Input data |
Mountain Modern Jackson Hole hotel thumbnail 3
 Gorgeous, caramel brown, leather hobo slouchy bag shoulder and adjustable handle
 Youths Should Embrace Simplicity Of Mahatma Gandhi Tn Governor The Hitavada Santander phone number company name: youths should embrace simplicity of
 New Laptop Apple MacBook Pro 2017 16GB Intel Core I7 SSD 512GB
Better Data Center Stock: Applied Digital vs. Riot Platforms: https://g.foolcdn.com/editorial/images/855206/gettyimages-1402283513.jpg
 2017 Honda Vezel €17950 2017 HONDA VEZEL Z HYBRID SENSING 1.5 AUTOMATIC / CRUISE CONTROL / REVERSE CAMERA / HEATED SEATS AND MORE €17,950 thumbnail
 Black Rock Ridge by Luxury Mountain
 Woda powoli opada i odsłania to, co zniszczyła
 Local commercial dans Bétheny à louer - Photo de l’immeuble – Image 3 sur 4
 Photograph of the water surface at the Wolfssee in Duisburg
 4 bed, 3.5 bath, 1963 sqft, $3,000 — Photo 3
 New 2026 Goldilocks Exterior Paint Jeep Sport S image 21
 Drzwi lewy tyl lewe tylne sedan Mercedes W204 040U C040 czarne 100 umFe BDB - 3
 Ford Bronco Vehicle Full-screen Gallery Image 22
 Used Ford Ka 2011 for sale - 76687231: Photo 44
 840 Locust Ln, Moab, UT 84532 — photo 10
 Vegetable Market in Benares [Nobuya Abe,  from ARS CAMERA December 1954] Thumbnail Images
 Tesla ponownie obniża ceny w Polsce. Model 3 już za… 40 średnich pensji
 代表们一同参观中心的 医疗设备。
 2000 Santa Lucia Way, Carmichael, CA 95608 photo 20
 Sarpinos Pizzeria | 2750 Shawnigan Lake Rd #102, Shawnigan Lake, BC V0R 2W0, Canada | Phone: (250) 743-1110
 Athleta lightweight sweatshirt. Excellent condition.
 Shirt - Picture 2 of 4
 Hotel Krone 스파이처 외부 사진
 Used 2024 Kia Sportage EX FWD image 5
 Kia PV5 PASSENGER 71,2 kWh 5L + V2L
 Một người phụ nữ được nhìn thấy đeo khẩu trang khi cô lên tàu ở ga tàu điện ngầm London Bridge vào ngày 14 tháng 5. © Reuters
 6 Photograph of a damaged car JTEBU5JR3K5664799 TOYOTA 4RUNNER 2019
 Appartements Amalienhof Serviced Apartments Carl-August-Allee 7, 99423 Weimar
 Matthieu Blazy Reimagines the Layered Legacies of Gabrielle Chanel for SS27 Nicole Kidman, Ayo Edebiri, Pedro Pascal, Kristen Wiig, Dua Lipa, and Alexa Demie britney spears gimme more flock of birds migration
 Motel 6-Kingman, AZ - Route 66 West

What to do |
Starting with the first line of the data above, copy each line exactly until you reach the line with "Athleta lightweight sweatshirt."; include that line as well.

Expected answer |
Mountain Modern Jackson Hole hotel thumbnail 3
 Gorgeous, caramel brown, leather hobo slouchy bag shoulder and adjustable handle
 Youths Should Embrace Simplicity Of Mahatma Gandhi Tn Governor The Hitavada Santander phone number company name: youths should embrace simplicity of
 New Laptop Apple MacBook Pro 2017 16GB Intel Core I7 SSD 512GB
Better Data Center Stock: Applied Digital vs. Riot Platforms: https://g.foolcdn.com/editorial/images/855206/gettyimages-1402283513.jpg
 2017 Honda Vezel €17950 2017 HONDA VEZEL Z HYBRID SENSING 1.5 AUTOMATIC / CRUISE CONTROL / REVERSE CAMERA / HEATED SEATS AND MORE €17,950 thumbnail
 Black Rock Ridge by Luxury Mountain
 Woda powoli opada i odsłania to, co zniszczyła
 Local commercial dans Bétheny à louer - Photo de l’immeuble – Image 3 sur 4
 Photograph of the water surface at the Wolfssee in Duisburg
 4 bed, 3.5 bath, 1963 sqft, $3,000 — Photo 3
 New 2026 Goldilocks Exterior Paint Jeep Sport S image 21
 Drzwi lewy tyl lewe tylne sedan Mercedes W204 040U C040 czarne 100 umFe BDB - 3
 Ford Bronco Vehicle Full-screen Gallery Image 22
 Used Ford Ka 2011 for sale - 76687231: Photo 44
 840 Locust Ln, Moab, UT 84532 — photo 10
 Vegetable Market in Benares [Nobuya Abe,  from ARS CAMERA December 1954] Thumbnail Images
 Tesla ponownie obniża ceny w Polsce. Model 3 już za… 40 średnich pensji
 代表们一同参观中心的 医疗设备。
 2000 Santa Lucia Way, Carmichael, CA 95608 photo 20
 Sarpinos Pizzeria | 2750 Shawnigan Lake Rd #102, Shawnigan Lake, BC V0R 2W0, Canada | Phone: (250) 743-1110
 Athleta lightweight sweatshirt. Excellent condition.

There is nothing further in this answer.